* INSTRUCTIONS TO FOLLOW: When you reach a picture, pass over it; otherwise repeat the listing word for word.

+++ RECORDS FOR THE TASK +++

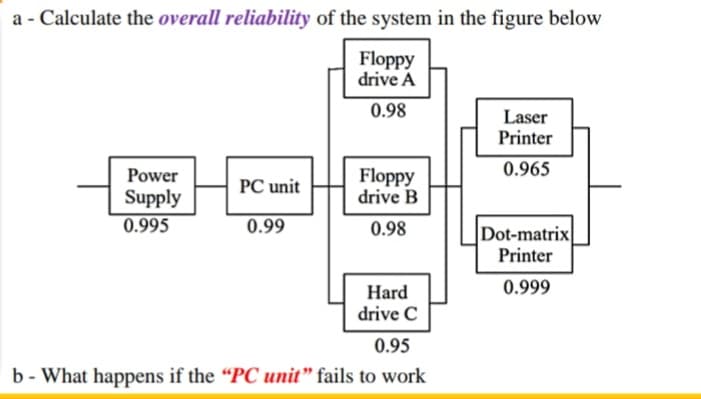 a - Calculate the overall reliability of the system in the figure below
Floppy
drive A
0.98
Laser
Printer
Power
0.965
Floppy
drive B
PC unit
Supply
0.995
0.99
0.98
Dot-matrix
Printer
Hard
0.999
drive C
0.95
b - What happens if the “PC unit" fails to work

+++

* OUTPUT OF THE EXERCISE:
 a - Calculate the overall reliability of the system in the figure below
Floppy
drive A
0.98
Laser
Printer
Power
0.965
Floppy
drive B
PC unit
Supply
0.995
0.99
0.98
Dot-matrix
Printer
Hard
0.999
drive C
0.95
b - What happens if the “PC unit" fails to work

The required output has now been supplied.